What a great little story for a potentially budding wildlife film maker! Thanks for sharing that! Cheers George


Jo June 21, 2014 at 1:05 pm

We also have what I believe to be a bumble bee nest in a cool corner of our garden which contains our wood store, and is covered with tall trees. I can’t see exactly where they have nested but we have seen, and heard the slow quiet drone, of bees busily coming and going for days to the one spot. We feel proud that they have chosen our garden in which to make their home. My daughter used to be frightened of them but now loves watching them go about their business, oblivious to us.


nurturingnature June 21, 2014 at 3:09 pm

Another happy story, for several reasons. You feel proud to have been selected by a queen to nest in YOUR garden, your positive attitude to bees and great to hear your daughter now loves watching them. I had 3 daughters myself and they did likewise!! Thanks, George


Sonia June 21, 2014 at 4:07 pm

I have just noticed what I believe to be a leaf cutter bee flying in and out of a cavity within one of my pots of lavender. At first I was puzzled and then I decided to have a look online and found this article. Nature is fascinating!!!!

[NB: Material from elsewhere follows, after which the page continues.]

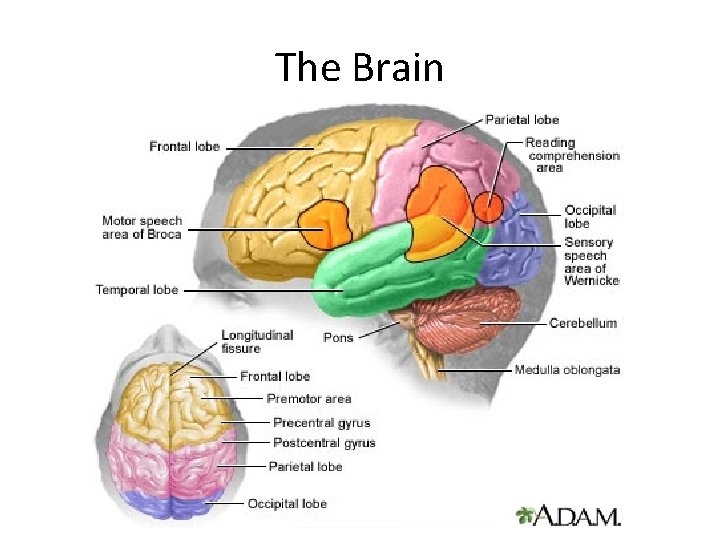 The Brain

nurturingnature June 21, 2014 at 10:41 pm

It is Sonia, its why I find the time to keep writing my articles.The more I learn, the more I share :-) Cheers, George


Kate June 23, 2014 at 8:34 am

Hi, have just found your site whilst looking for information on leaf cutter bees. We have just discovered several making nests in plant pots in my mother’s small greenhouse. As it is a confined area would it be safe to remove the plant pots from the greenhouse or would this agitate the bees enough for them to sting. She doesn’t feel very comfortable leaving them in there and would like them to be removed. Any ideas or information greatly appreciated, thanks.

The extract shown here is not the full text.